My influences in programming have always been more for ideas than for work. Rich Hickey (creator of Clojure) has some conference talks where he does a deep dive into important programming topics like the difference between something being hard vs something being complicated. I am interested in trying out the Jai programming language by Jon Blow (creator of Braid and The Witness) once it finally releases.
-In addition to your game development work, you are a software developer by profession. Do you find your past professional work has informed your indie work?
The only professional developer work I've done is some web programming, so not directly no. However, the surrounding tools for the job like make, git, and the Linux terminal have helped streamlined the build system we have set up. The game builds from scratch in about 8 seconds, and it's all created from the ground up in Crystal (a language like Ruby but compiled).
-How would you describe your aesthetic, and what to you are the hallmarks of a game designed by you?
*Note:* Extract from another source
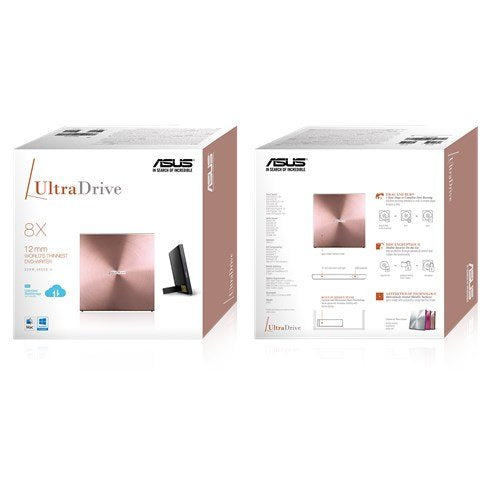 Grabadora Externa Asus Sdrw-08u5s-U/Pink/G/As Ultra Slim Retail Pink (Rosa) Asus Sdrw-08u5s-U, Rosa, Vertical/Horizontal, Portátil, Dvd Super Multi Dl, Usb 2.0, Cd,Cd-R,Cd-Rom,Cd-Rw,Dvd,Dvd+R,Dvd+R Dl,Dvd+Rw,Dvd-R,Dvd-R Dl,Dvd-Ram,Dvd-Rom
I've only made one game that I've put out in public, which was for a Ludum Dare. The theme was “An Unconventional Weapon” and the game I made had the player pick up lines on a grid to separate the enemies from healing each other. In games I design, I like there to be a set of simple things which can be mixed together by the player to create new experiences. That way, the player only has to understand a handful of concepts, and the game comes out from how those elements interrelate. A good example of this in the wild is the class system in Golden Sun: depending on the elemental types of Djinns the characters equip, they get new and unique classes with special abilities.
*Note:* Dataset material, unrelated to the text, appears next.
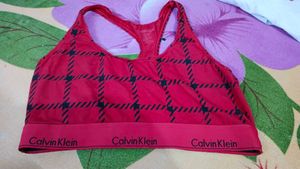 Calvin Klein Red Plaid Sports Bra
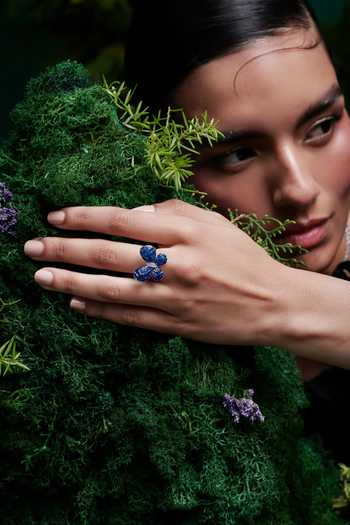 Shop_Miss Jo_Blue Fluttering Wings Cocktail Ring _Online_at_Aza_Fashions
-What tools do you use to code and create?
For Former Dawn, we're using Tiled for the level design, Aseprite (mainly) for the sprites and portraits, ca65 for the assembly code, Crystal for the build system, and a couple of custom tools to help with palette selections.
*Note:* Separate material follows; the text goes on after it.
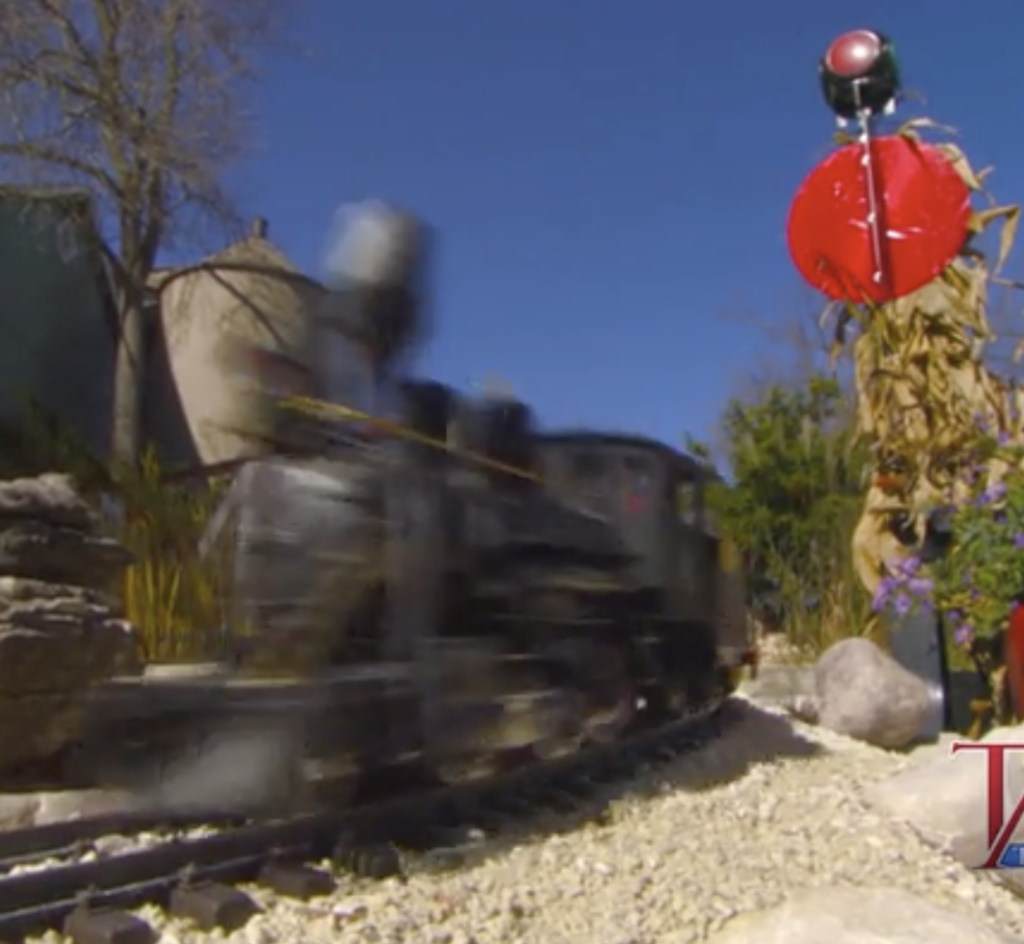 Garden scale steam locomotive moving fast in an outdoor layout.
-With Former Dawn, you’re working on a game for decades-old hardware. How does producing a game for the NES compare to your experiences developing solutions for newer tech?
It's harder in some ways, but also easier in others. With the NES, you're not competing with an Operating System and other programs for the CPU or graphics, so when you write code, that is the only thing that happens. On the other hand, code management is a lot more annoying since you have to swap out chunks of memory to load code to run for the game. Luckily we have a good system built on top of the mapper to load code and data when needed for the main game, for NMI (when the graphics need to be swapped out), and for interrupts (which we're using for dialogue rendering).
-Tell me about your experience learning to code with Verilog?
As mentioned earlier, I started by looking at one of the implementations of MMC3 for the PowerPak, and after seeing that it was only a couple pages long, I figured “this can't be that bad”. A month later, Krikzz released the Everdrive N8 Pro, along with the source to be able to make your own mapper. Over the next few months, I learned more and more about how the NES itself works, specifically the PPU signals. This was necessary to have 8x1 attributes, since you need to supply the PPU with unique palette choices depending on the scanline it's currently on. Giving the CPU access to more memory was the easiest part, since that's just more of what mappers already do anyway. Instead of 1 byte for the bank number, we have 2 bytes. This gives full access to the full 8 megabytes for code in the N8 Pro. I also made some internal tooling to read NES signals and display them on screen from a custom NES rom, which we will be releasing soon ever since Krikzz updated the N8 Pro OS to support custom mappers on a rom-by-rom basis.
-Following your and Something Nerdy Studios’ tweets talk about the MXM-0 mapper, and then in early 2022 begin to give way to references to the MXM-1 mapper. What can you tell me about the evolution of the mapper across its iterations? What is possible now that wasn’t before?
At the very beginning, Jared mainly just wanted more access to memory. More code, more graphics. In fact, before the project really took off, he was asking the community if it was possible to have a mapper for a gigabyte-sized game. Since then, we've added a lot of small features that are very reminiscent of small, nice features in traditional mappers. For example, along with a scanline interrupt feature, the programmer can query the mapper for how many cycles have passed since the interrupt happened, to help with small visual glitches and jitters. The mapper has a small bank to easily present different OAM to the CPU for loading different sets of sprites. It is also important to us that the mapper can't do everything. We are very careful not to put general computation in the mapper, since that would just be the same as slapping a Raspberry Pi in the cartridge. But any mapping and small timing features are up for grabs.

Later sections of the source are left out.